Despite the fact that we are still at the beginning of 2019, it seems that this will be an interesting and possibly challenging year. This doesn’t mean that there are no positive prospects for the coming months. In fact, we expect to see a number of offshore projects coming on line and activity in both the UAE and West Africa is anticipated to remain healthy/firm at the same time. As far as the second-hand market is concerned, we also expect an increase in demolition activity of offshore units and old drilling rigs in particular.
Chartering (Wet: Stable-/ Dry: Soft- )
Disappointment prevails in the dry bulk market that has witnessed quickly escalating pressure on rates in the past days, while expectations remain grim up until the end of the Chinese New Year. The BDI today (29/01/2019) closed at 797 points, down by 55 points compared to Monday’s (28/01/2019) levels and decreased by 239 points when compared to previous Tuesday’s closing (22/01/2019). Despite positive expectations, crude carriers earnings witnessed an off week, with sentiment remaining unscathed though despite the fact that the market has yet to regain its stability. The BDTI today (29/01/2019) closed at 872, increased by 4 points and the BCTI at 667, an increase of 3 points compared to previous Tuesday’s (22/01/2019) levels.
Sale & Purchase (Wet: Stable+ / Dry: Soft-)
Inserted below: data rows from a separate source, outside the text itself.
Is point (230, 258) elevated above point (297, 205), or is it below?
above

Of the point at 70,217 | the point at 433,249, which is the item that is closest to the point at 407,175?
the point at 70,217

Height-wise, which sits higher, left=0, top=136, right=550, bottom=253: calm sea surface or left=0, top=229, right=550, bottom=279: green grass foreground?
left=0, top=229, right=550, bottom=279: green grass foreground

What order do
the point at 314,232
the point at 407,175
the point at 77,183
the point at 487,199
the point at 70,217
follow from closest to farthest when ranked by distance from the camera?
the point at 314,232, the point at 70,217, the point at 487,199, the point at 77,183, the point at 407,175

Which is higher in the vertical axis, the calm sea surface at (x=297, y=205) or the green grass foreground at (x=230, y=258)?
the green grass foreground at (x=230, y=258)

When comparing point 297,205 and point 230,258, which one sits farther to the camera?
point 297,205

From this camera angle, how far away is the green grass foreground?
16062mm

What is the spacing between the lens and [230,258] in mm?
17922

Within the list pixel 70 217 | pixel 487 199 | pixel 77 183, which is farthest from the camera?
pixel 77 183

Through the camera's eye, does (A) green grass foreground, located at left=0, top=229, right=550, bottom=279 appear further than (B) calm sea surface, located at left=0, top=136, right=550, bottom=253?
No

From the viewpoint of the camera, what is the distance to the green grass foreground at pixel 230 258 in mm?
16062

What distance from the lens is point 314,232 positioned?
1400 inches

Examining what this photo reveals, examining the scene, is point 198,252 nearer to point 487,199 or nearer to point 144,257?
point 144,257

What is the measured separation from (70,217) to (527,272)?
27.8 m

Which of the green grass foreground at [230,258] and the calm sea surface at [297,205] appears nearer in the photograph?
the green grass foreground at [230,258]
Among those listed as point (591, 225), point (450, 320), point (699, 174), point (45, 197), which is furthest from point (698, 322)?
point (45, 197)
The disappointing performance of the dry bulk market in the past days has impacted SnP activity in the sector. Interest for second-hand bulkers is still there but as falling freight rates are passing more control over to Buyers, Sellers’ ideas consequently become unrealistic in a number of cases, impacting SnP activity as a result. In the tanker sector we had the sale of the “MAERSK PROSPER” (109,326dwt-blt ‘01, China), which was sold to Greek buyers, for a price in the region of $10.5m. On the dry bulker side sector we had the sale of the “A NAVIGATION” (93,236dwt-blt ‘10, China), which was sold to Chinese buyers, for a price in the region of $14.9m.
Newbuilding (Wet: Stable+ / Dry: Stable-)
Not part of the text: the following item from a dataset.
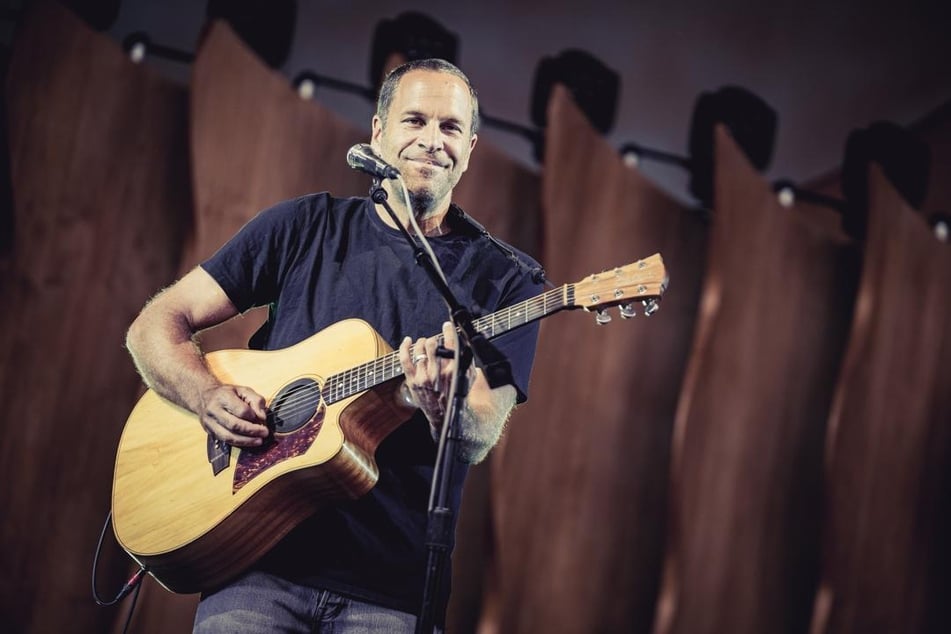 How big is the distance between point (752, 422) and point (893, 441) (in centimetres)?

Recently reported newbuilding activity has been below the weekly average levels seen in the past months, while it is notable that orders of more conventional vessel types like tankers or bulkers are missing from the list below. Both sectors have seen appetite for newbuildings remaining unaffected by developments in the respective freight markets during the past months, with upcoming regulations being a good enough reason for owners with access to finance to place an order. Although we still expect healthy activity in tanker contracting to resume at least in the short term, we do see a slowdown in dry bulk orders at least throughout the first half of the year. After all, the discounts that have already been noted in dry bulk second-hand values since November together with the simultaneous increase of newbuilding prices, have increased the price gap between the two, making the former a more attractive investment as a result. In terms of recently reported deals, Japanese owner, Mitsui OSK Lines, placed an order for two firm LNG carriers (174,000 cbm) at DSME, in South Korea for an undisclosed price and delivery set in 2021.
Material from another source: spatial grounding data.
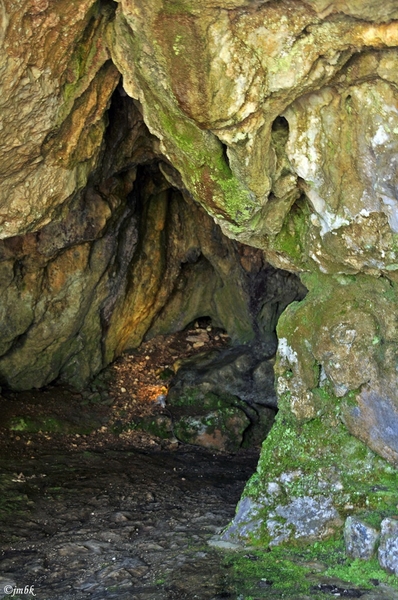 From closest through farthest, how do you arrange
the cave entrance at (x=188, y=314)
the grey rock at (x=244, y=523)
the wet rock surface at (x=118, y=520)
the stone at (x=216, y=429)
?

Demolition (Wet: Stable- / Dry: Stable-)
It has been an overall positive week in the demolition market that has seen a rather unexpected increase in activity. The announcement of the latest budget in Pakistan that didn’t bring any significant changes has restored confidence in the local market that is expected to show more appetite in the coming weeks. At the same time, cash buyers in Bangladesh made a strong come back in the past days showing increased appetite for high ldt candidates and once again managing to secure the biggest market share without having to increase their bids as their competitors in the region still offer lower prices.